ASSIGNMENT: Could you retype the lines below, starting at the line holding "Tinker Ruin 2 Jaar Palomino in Ulsnis" and stopping at the line holding "开云体育电竞频道入口—LOL、DOTA电竞赛事实时聚焦-kaiyunsport", inclusive? Copy them exactly and drop the images.

▶

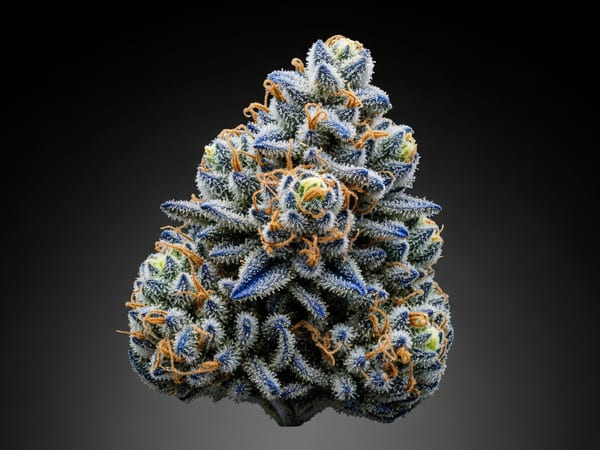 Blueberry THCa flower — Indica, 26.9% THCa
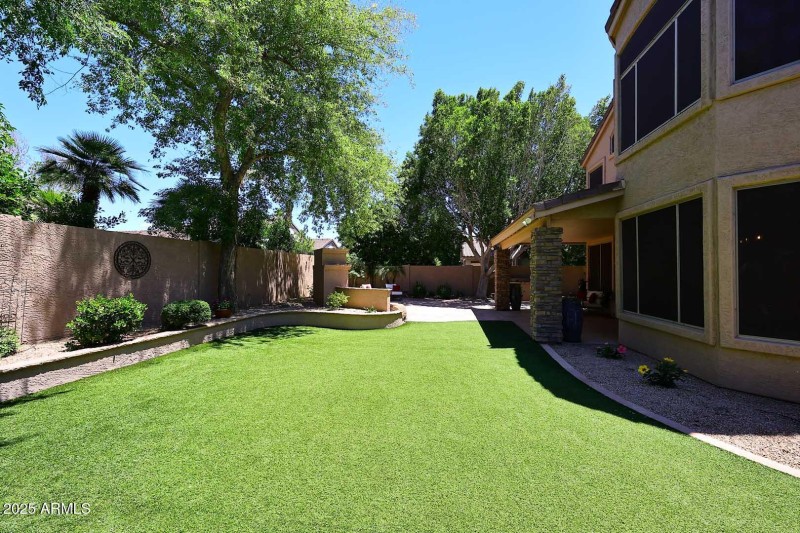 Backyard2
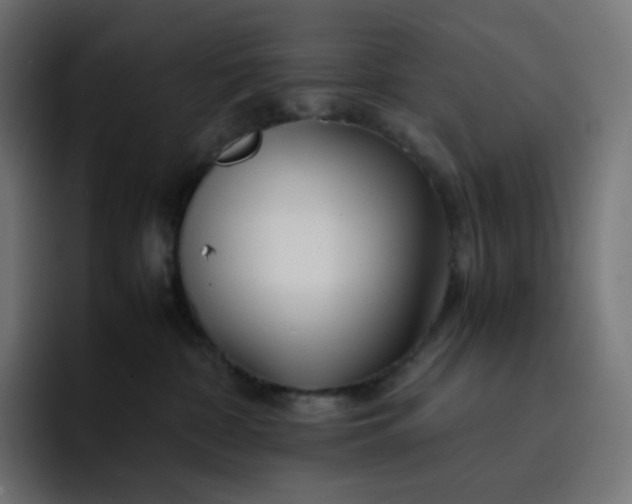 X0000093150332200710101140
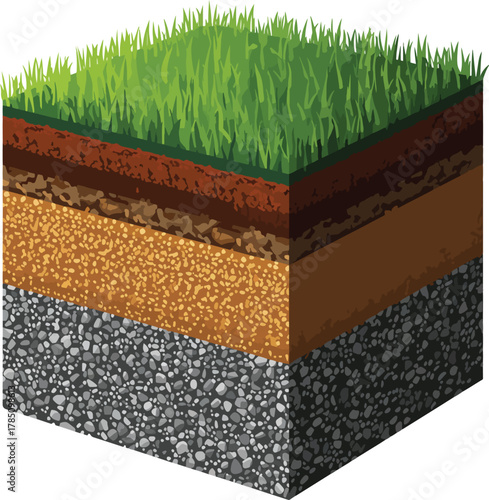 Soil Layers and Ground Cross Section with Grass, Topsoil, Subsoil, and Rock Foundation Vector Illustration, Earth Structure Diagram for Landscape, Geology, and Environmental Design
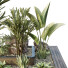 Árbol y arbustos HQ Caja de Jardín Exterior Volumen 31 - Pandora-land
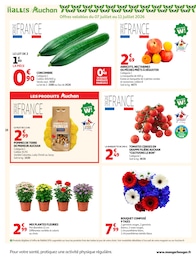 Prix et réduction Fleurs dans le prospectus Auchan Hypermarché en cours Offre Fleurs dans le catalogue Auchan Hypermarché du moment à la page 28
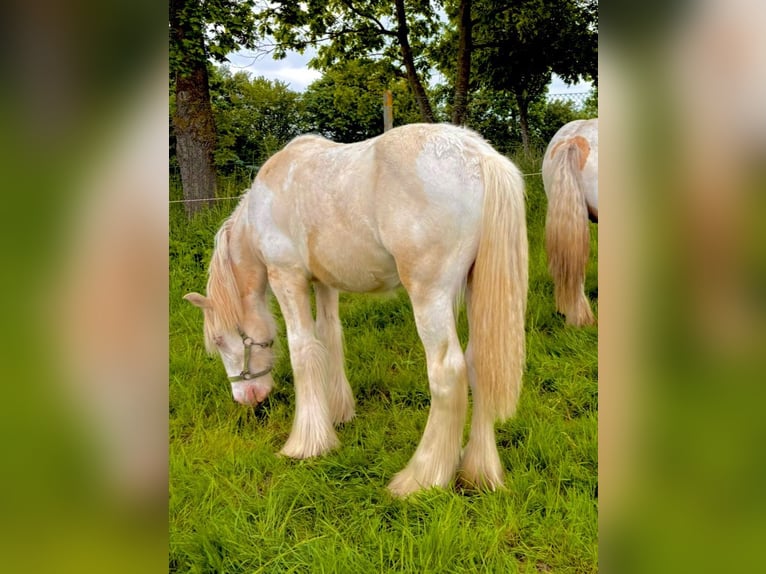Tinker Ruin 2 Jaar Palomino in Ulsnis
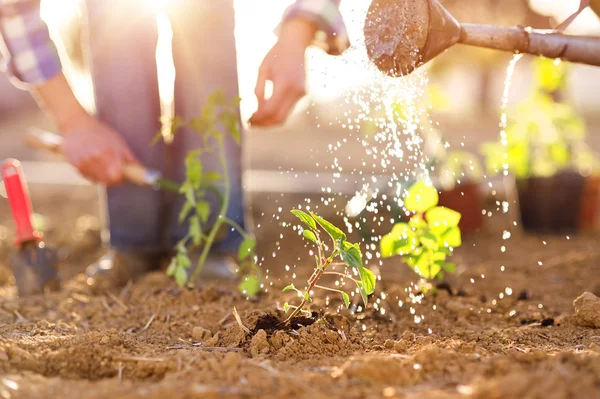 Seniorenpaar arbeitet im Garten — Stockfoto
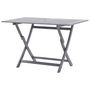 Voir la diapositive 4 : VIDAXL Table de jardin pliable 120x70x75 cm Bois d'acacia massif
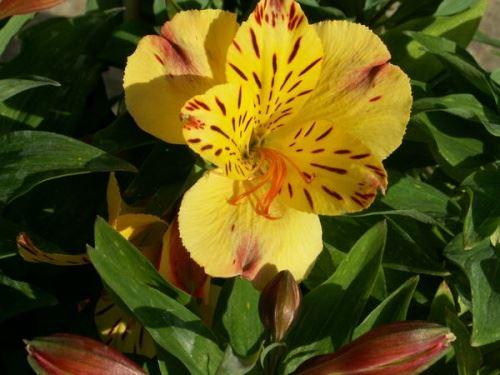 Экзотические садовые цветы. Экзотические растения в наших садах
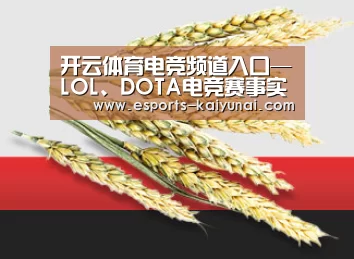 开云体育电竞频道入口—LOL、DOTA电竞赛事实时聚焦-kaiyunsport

◀
▶

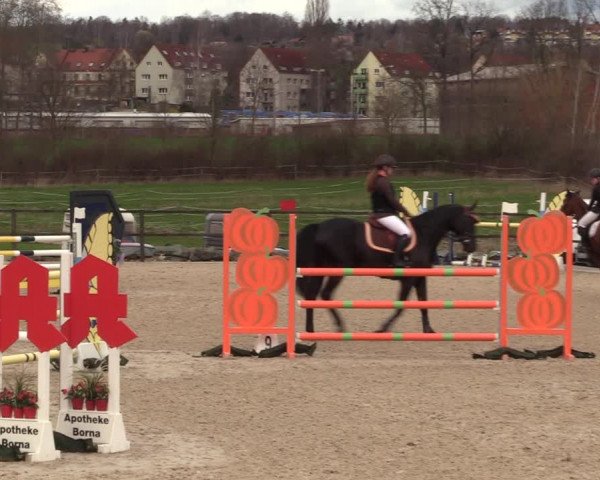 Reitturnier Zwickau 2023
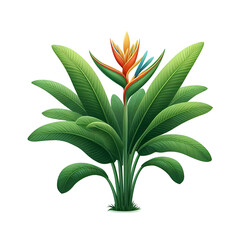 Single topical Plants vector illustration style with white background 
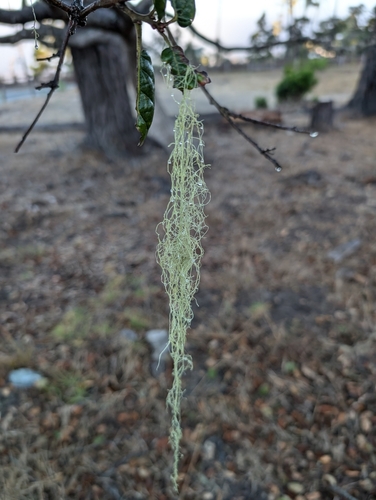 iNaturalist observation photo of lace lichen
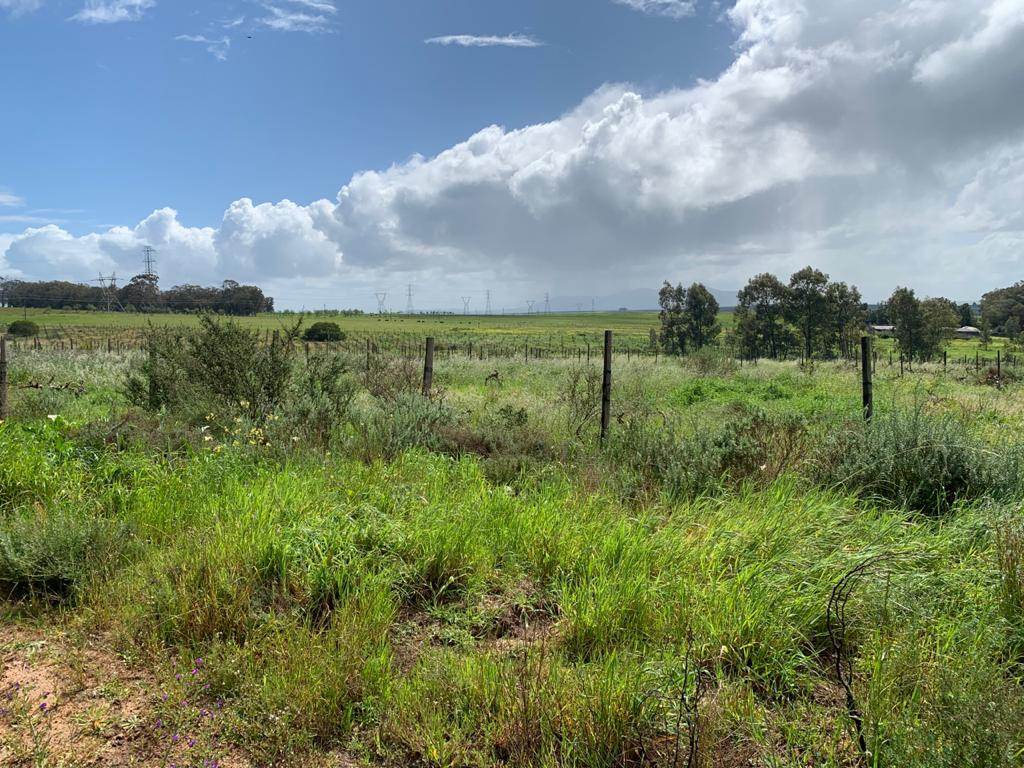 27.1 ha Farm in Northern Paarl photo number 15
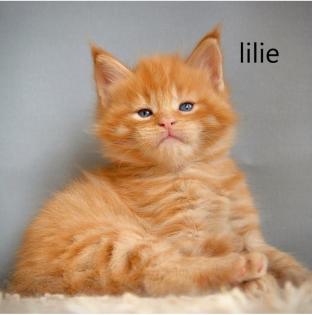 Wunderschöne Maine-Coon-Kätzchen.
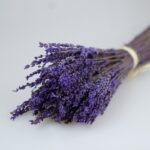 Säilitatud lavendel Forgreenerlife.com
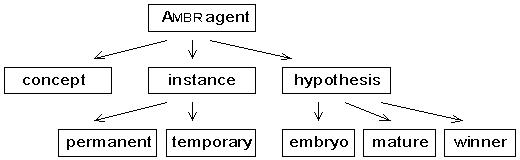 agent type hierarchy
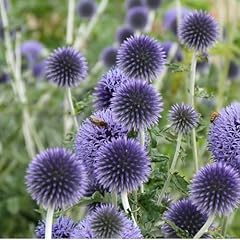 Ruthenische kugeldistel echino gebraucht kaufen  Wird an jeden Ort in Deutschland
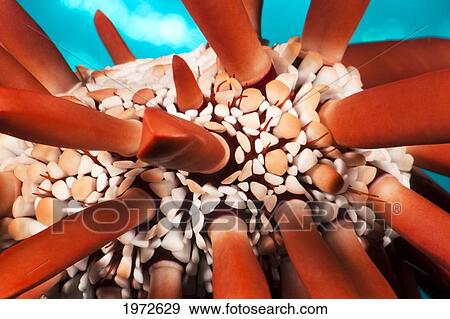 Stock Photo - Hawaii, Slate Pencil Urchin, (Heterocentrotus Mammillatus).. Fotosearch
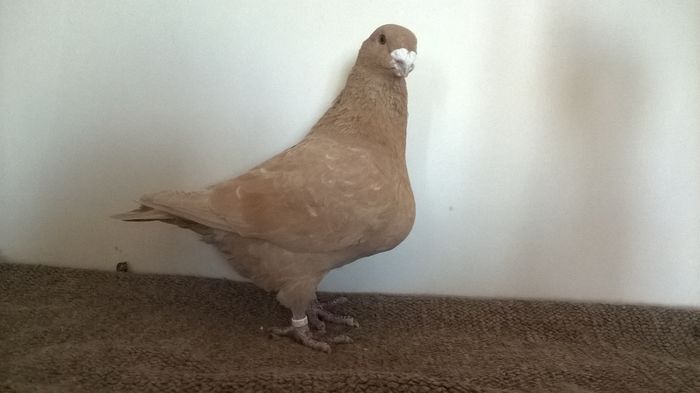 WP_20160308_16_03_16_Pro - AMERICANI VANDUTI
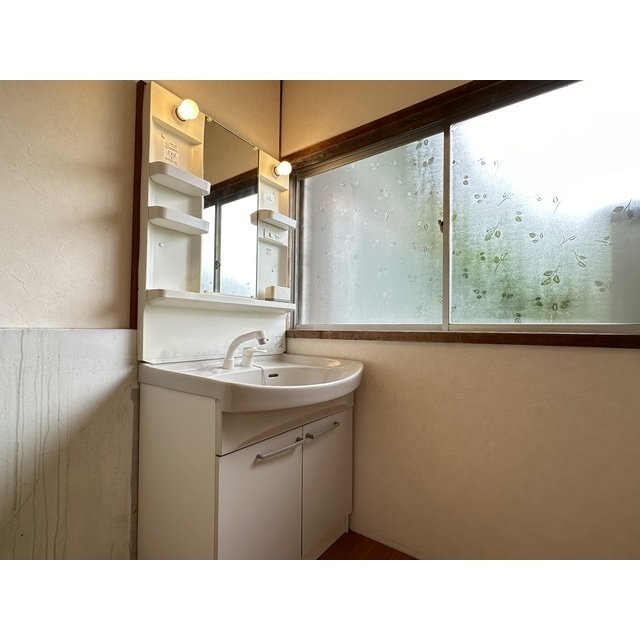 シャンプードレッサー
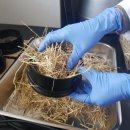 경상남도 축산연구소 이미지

◀

ANSWER SPACE:
Tinker Ruin 2 Jaar Palomino in Ulsnis
 Seniorenpaar arbeitet im Garten — Stockfoto
 Voir la diapositive 4 : VIDAXL Table de jardin pliable 120x70x75 cm Bois d'acacia massif
 Экзотические садовые цветы. Экзотические растения в наших садах
 开云体育电竞频道入口—LOL、DOTA电竞赛事实时聚焦-kaiyunsport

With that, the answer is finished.